I think about quitting sometimes. No, really, it’s true. I have these heavy waves of self-doubt that wash over me and make me think I’ll never be quite good enough and make me wonder why I even bother trying.
And in those moments of doubt, I tell myself it’s not a big deal. That it won’t matter if no one ever reads one of my stories again except for me. That I’m creating for myself and no one else and who cares what the rest of the world thinks? And I tell myself that would make me happy. Or at least it would be less frustrating than not being perfect. Or maybe it wouldn’t be so great…
…and then I realize that it wouldn’t make me happy. That if I gave up on my writing I would always wonder if I could have done better. I would always regret that decision and would consider going back on a regular basis.
I don’t want that. I don’t want to always wonder what would have been if I’d only tried. At least this way I know. I know I tried, I know I didn’t give up, I know my odds of making it further each time are infinitely higher than if I didn’t try at all.
When I remember all of that, I can’t give up. I can’t walk away from writing and I can’t abandon my dream of being a published novelist. Because the regret and the ‘what ifs’ would weigh so much more heavily on me than the stress of rejection and rewrites. Besides, the sting of a rejection or a bad critique fades with time. Giving up and never going back is forever.
How do you push through the fear and doubt?
I hope this doesn’t sound too weird. OK, what am I thinking, of course, it’s weird.
I’m really good at endings. My beginnings are getting better,it’s just that middle part, where I do a lot of wandering around in the woods.
Anyway…when I’m really discouraged I pull out my endings and read through them. Then I know I have got to tell this story.I can’t give up.

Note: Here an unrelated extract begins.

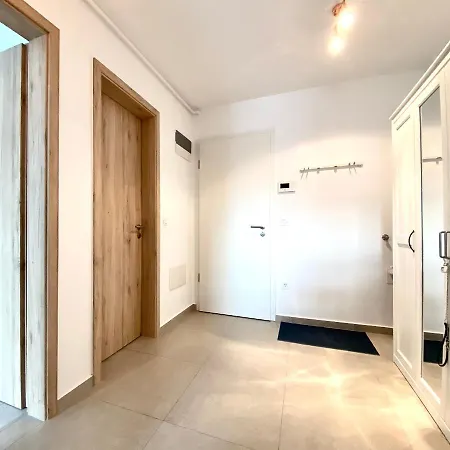 Apartment Coresi Nest - Pet Friendly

I think we all get that, Lori. All the time. It’s hard to keep pushing through when all you get are doors slammed in your face. But like you said,, if you give up, you’ll never know if that next door you knocked on might have been the one to get you into the next room.
And remember, every project you work on makes you a better writer. Ever damning critique helps you improve if you can get your hurt feelings out of the way and use it.

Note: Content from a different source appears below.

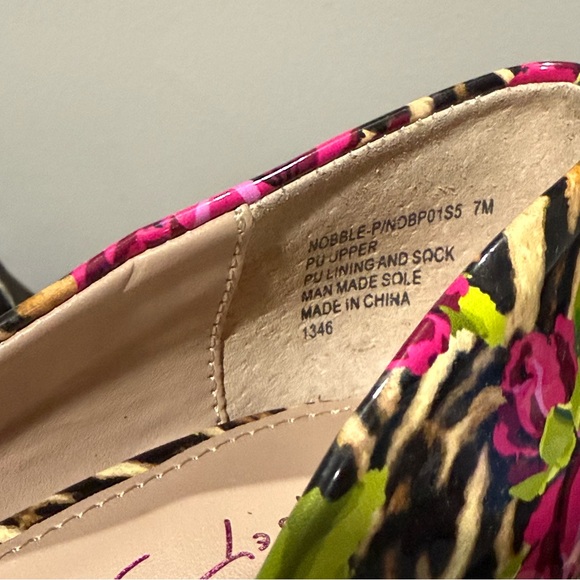 Betsy Johnson Noble Bow Heels Size 7 - Picture 8 of 13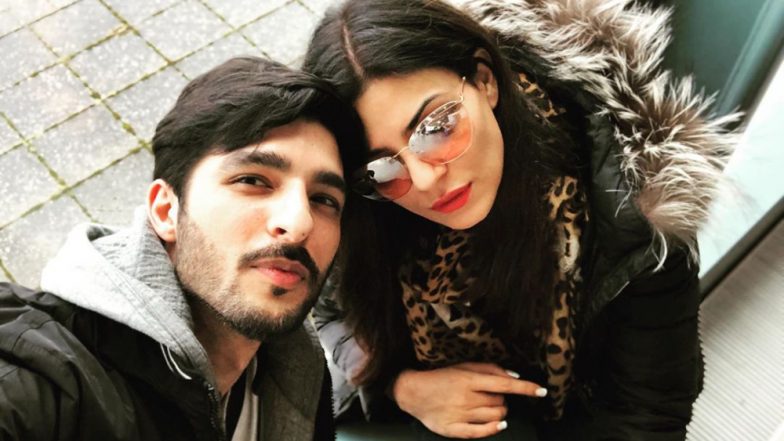 Sushmita Sen Reveals Rohman Shawl Slid into Her DM on Instagram but There Is Something Serendipitous about It - Watch Video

Even if you never get published (and you will), you won’t have to live the rest of your life wondering if you gave up on the dream too soon.
We should never give up on our dreams.
@farawayeyes – it doesn’t sound odd to me. I do something similar sometimes. I’m not so good at middles, but I always have a favorite scene or two I’ll re-read to remind myself.
@Kate – So very true, and thank you <3
The thought of giving up is partly the result of focusing on the end-product (having a published book)and not on your story. Writing is a process, and the process itself should be satisfying; if it isn’t, then maybe quitting is the best option. As long as you enjoy the process of writing and telling the story, quitting shouldn’t tempt you much.